▶ **How to complete this task**:
Starting with the line that contains "Baby Winter Children", repeat each line exactly through the final line of the listing. No picture should appear in the copy.

::::

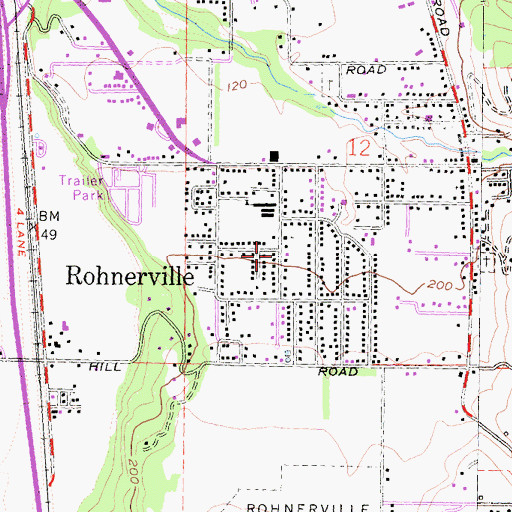 Topographic Map of Rohnerville, CA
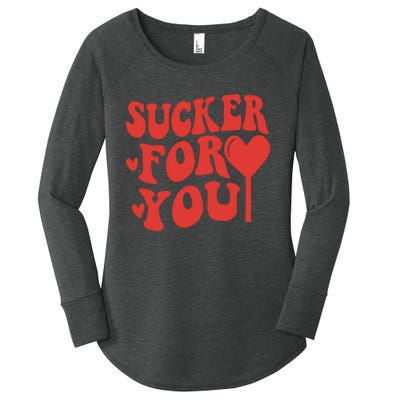 Im A Sucker For You Candy Heart Love Happy Valentines Day Women's Perfect Tri Tunic Long Sleeve Shirt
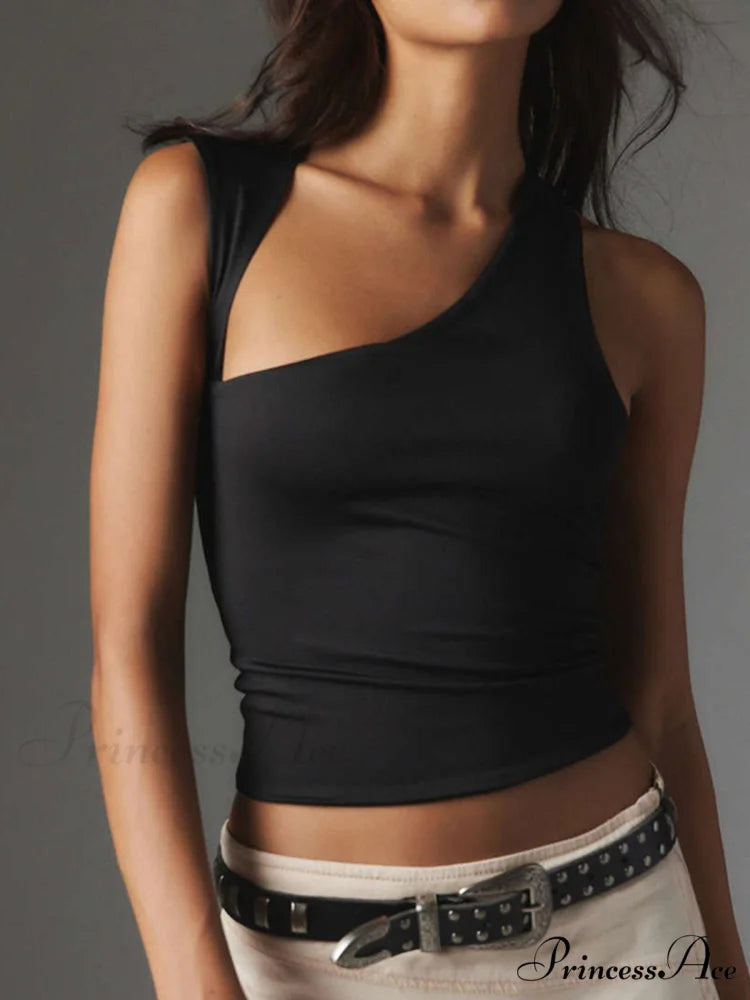 Asymmetric Neck Cut Trendy Out Tank Top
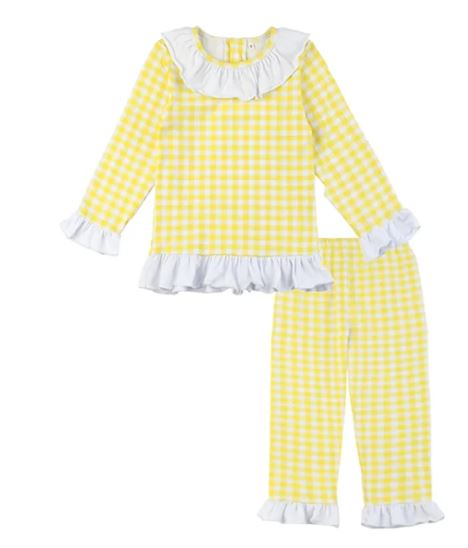 Girls Yellow Check Pyjama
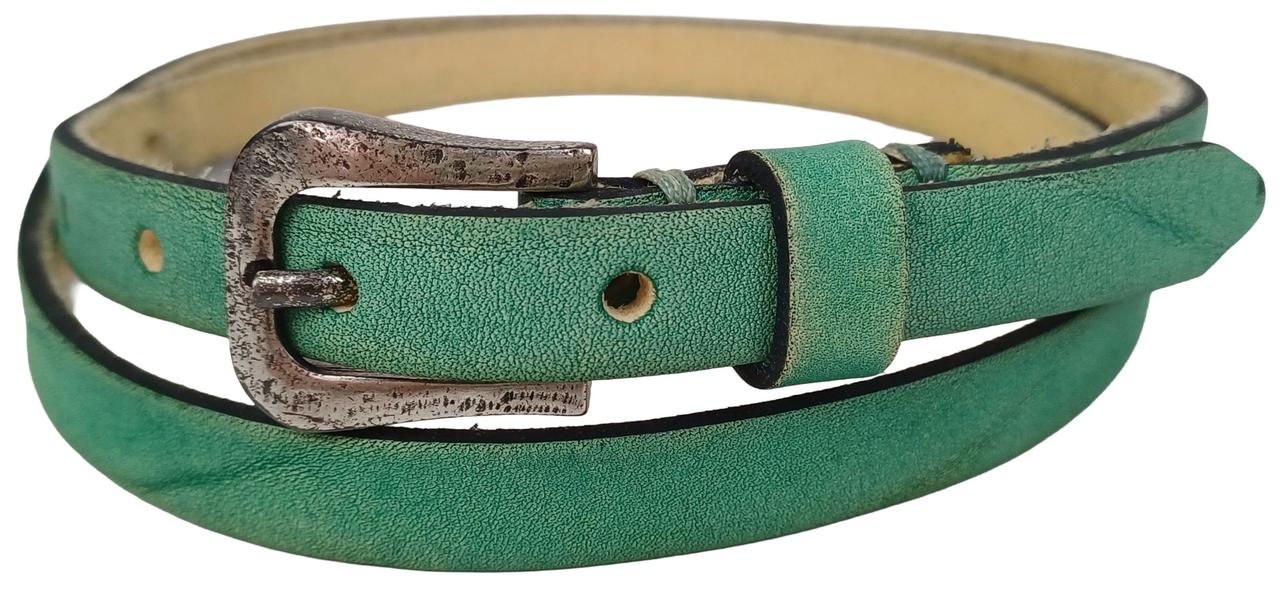 Вузький вінтажний шкіряний жіночий ремінь ручної роботи B.Belt бірюзовий
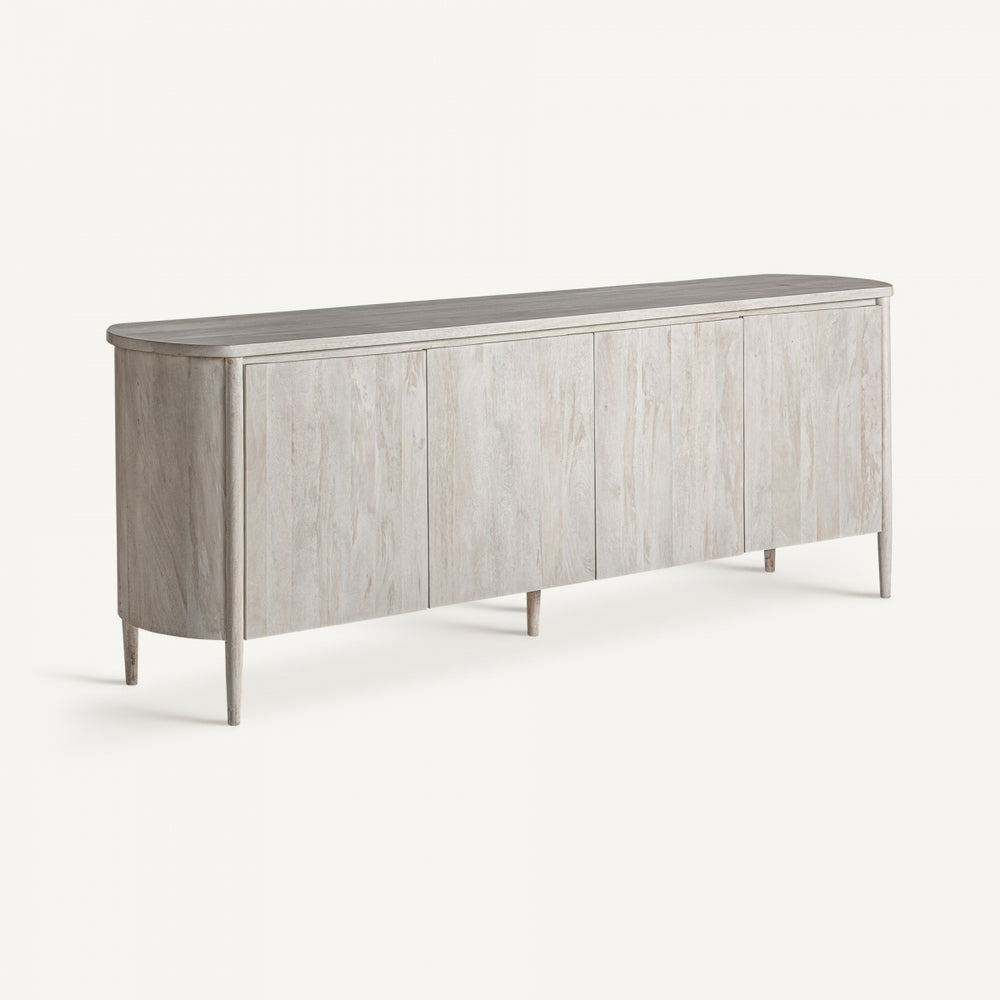 Glasgow Solid Mango wood Sideboard with 4 Door in White Wash Finish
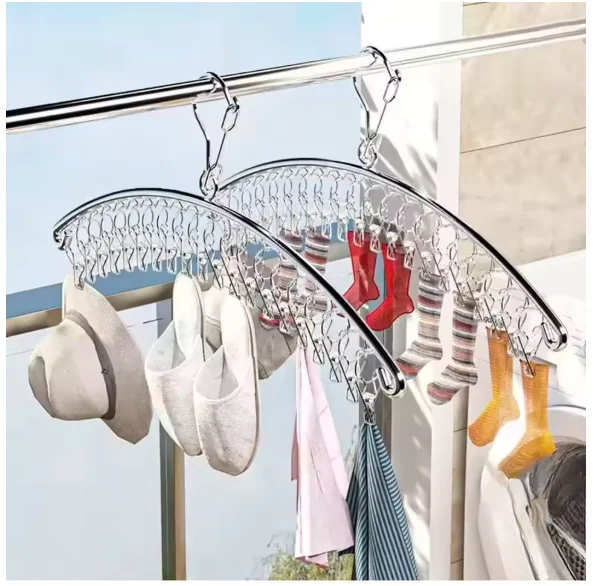 Sock Organizer Tray - Rüzgar Geçirmez Giysi Askısı Klipsleri Çorap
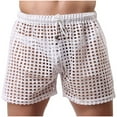 thumbnail image 1 of Men's Sexy Hollow Boxer Shorts Lingerie Lounge Boxers Underwear Pajamas, 1 of 4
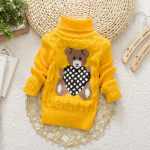 Baby Winter Children Kids Cartoon Kootud Pullover Soe &Uuml;ler&otilde;ivaste Sviiter 100 kollane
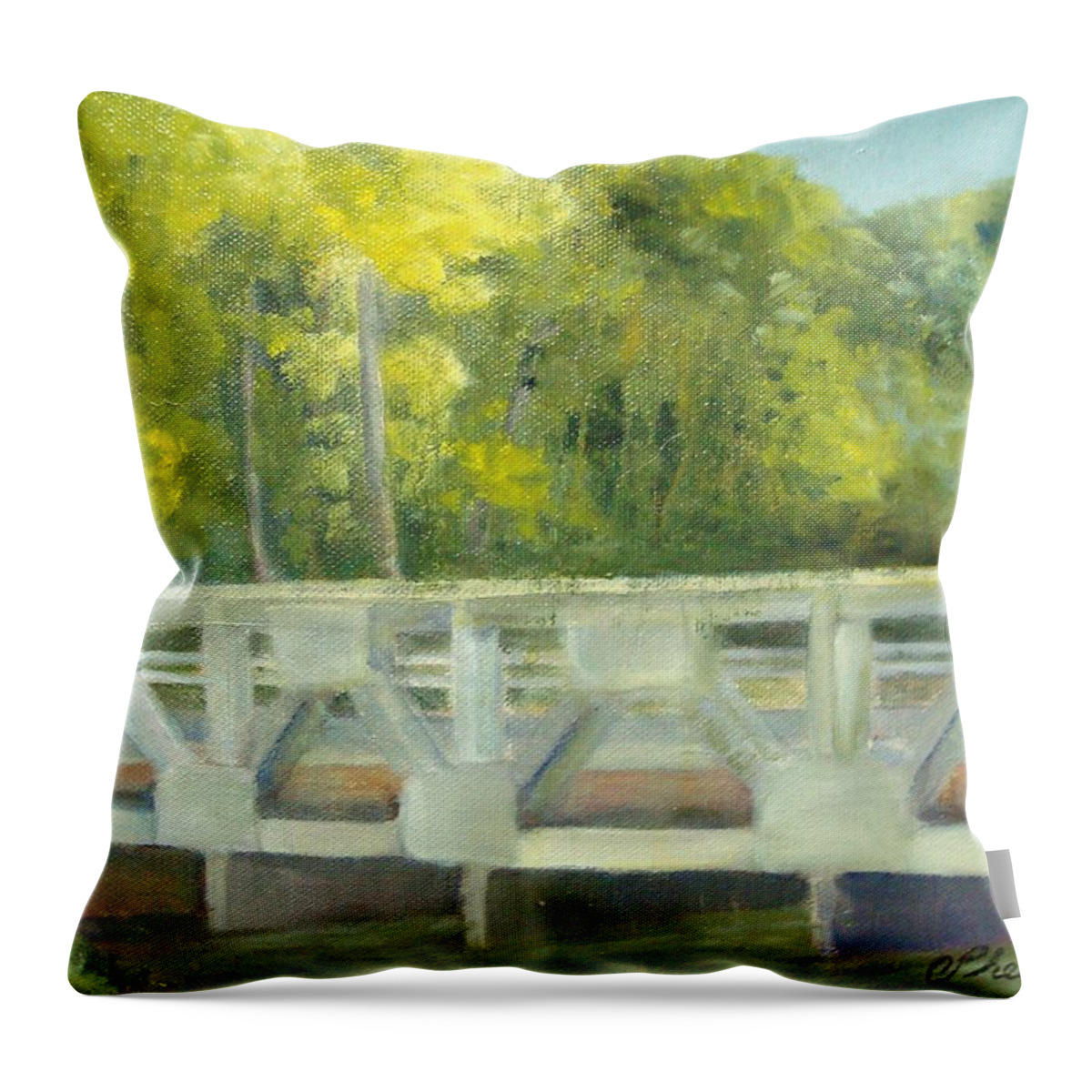Smithville Park Throw Pillow featuring the painting Do You Paint Fish? by Sheila Mashaw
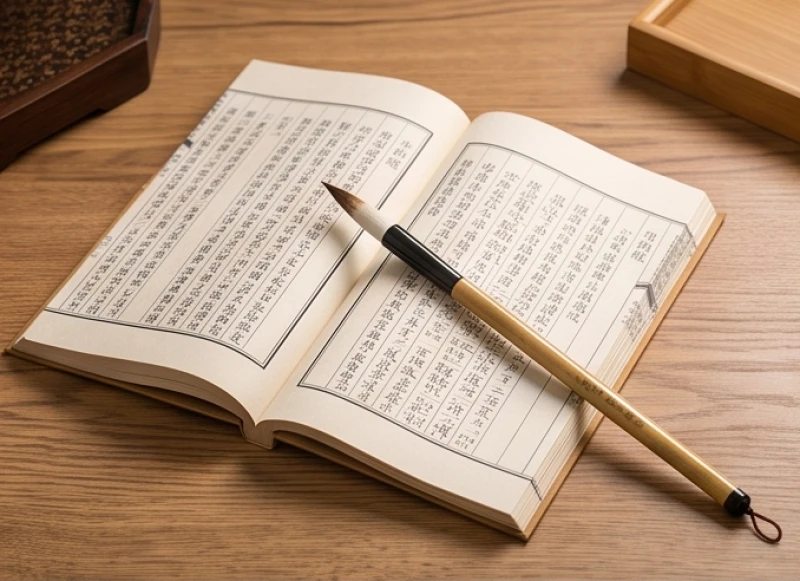 Sổ tử vi phong thủy và bút lông đặt trên bàn gỗ đại diện cho sự tính toán ma trận ngũ hành khi sinh con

::::

▶ **Answer to this exercise**:
 Baby Winter Children Kids Cartoon Kootud Pullover Soe &Uuml;ler&otilde;ivaste Sviiter 100 kollane
Smithville Park Throw Pillow featuring the painting Do You Paint Fish? by Sheila Mashaw
 Sổ tử vi phong thủy và bút lông đặt trên bàn gỗ đại diện cho sự tính toán ma trận ngũ hành khi sinh con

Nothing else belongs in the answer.